Sin embargo, la verdadera revelación de la película es que quizás este director alemán con más de medio centenar de películas en su haber y desde hace unos años cómodamente instalado en California (uno de los datos más bizarros de una biografía estrambótica) haya encontrado finalmente a su actor perfecto en Nicolas Cage. Atrás queda la casi insoportable crispación de Keitel, y entran para la posteridad la peluca (si eso es una peluca) sin patillas, la mirada descolocada, la risa estentórea e histérica de este sobrino de Coppola que, embarcado en una carrera millonaria de superproducciones de acción, a lo largo de la última década se fue convirtiendo en uno de los misterios más inexpugnables de Hollywood. En algún momento pareció que Cage se había convertido en un mercenario (filmando una atrás de otra películas de acción que no parecían requerir personalidades tan extremas como la suya: Con Air, La roca, las dos La leyenda del tesoro perdido). La Warner pensó en él –y lo descartó a tiempo– para revivir a Superman, y cuando finalmente se convirtió en un superhéroe de la Marvel, en Ghost Rider, el vengador fantasma, pareció alcanzar la cima o el fondo, haber dado ya toda la vuelta hasta pasar de la idiotez a la genialidad. Ahora puede que para Un maldito policía haya terminado de pulir su sistema: Cage habita su teniente corrupto con intensidad, está ahí con más fuerza que nadie, y a la vez hay algo en su mirada desencajada que parece estar en otro lado. Está enchufado a un alto voltaje pero a la vez un poco desconectado, su cuerpo y mente parecen disociados. Su actuación invierte algún orden natural: es un psicópata interpretando a una persona más o menos normal en su camino hacia la locura.

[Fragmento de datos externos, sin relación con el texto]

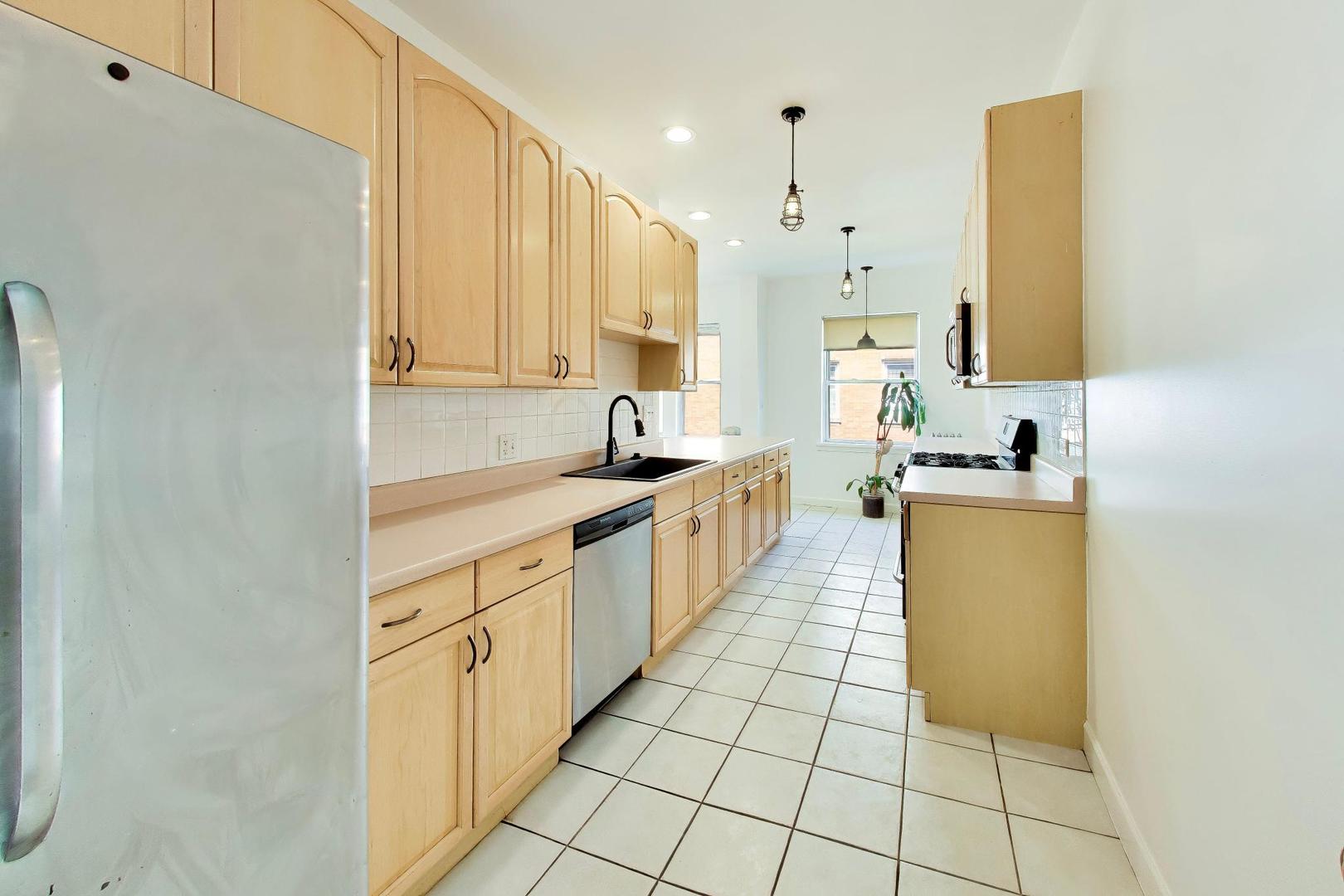 4419 N Whipple Street Unit: 2B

Iguanas aparte, la escena más hipnótica de la película llega sobre el final, cuando el maldito policía quiere rematar a un tipo que yace, es evidente, bien muerto en el piso. “Porque su alma todavía está bailando”, dice con su sonrisa histérica congelada, y entonces lo vemos: un cadáver bailando enérgicamente breakdance. Lo vemos porque Herzog lo filma como otra de esas alucinaciones suyas que aspiran a la “verdad extática” que, siempre ha dicho, rige su cine. Y lo vemos porque Cage –que para muchos críticos ha conseguido en colaboración con este director canalizar el alma putrefacta de Klaus Kinski– nos lo hace ver a través de sus ojos. Es un momento tétrico y oscuro que da miedo y mucha risa a la vez. ¿No la entendieron, se están burlando de ella?, le preguntaron a Herzog. “Un público que se ríe nunca se equivoca”, contestó el alemán. Y uno puede imaginarse así a Herzog, en su descenso al infierno, si se cumplen los augurios de Ferrara: riéndose por el camino como un demente.